EXERCISE DETAILS: Given the entries below, would you transcribe exactly the lines starting at the one with "Stof til spindelvæv, 2x5 m DIY" and ending at the one with "Imagem 6 de", both kept, pictures omitted, nothing extra?

GIVEN RECORDS:
▶

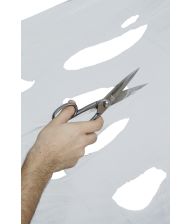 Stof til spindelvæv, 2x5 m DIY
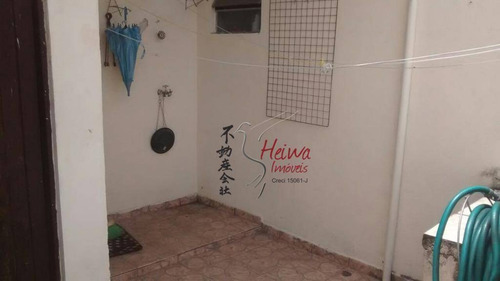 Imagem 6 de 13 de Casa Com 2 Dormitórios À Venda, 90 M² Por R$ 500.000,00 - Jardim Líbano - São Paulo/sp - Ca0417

◀
▶

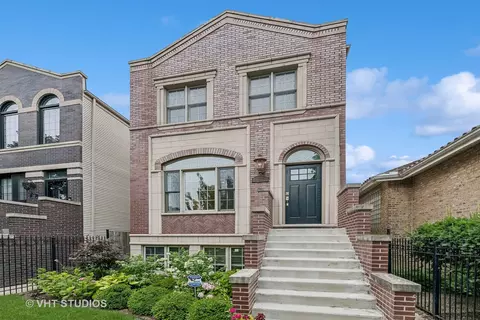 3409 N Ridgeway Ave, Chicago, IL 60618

◀

SOLUTION BELOW:
 Stof til spindelvæv, 2x5 m DIY
 Imagem 6 de 13 de Casa Com 2 Dormitórios À Venda, 90 M² Por R$ 500.000,00 - Jardim Líbano - São Paulo/sp - Ca0417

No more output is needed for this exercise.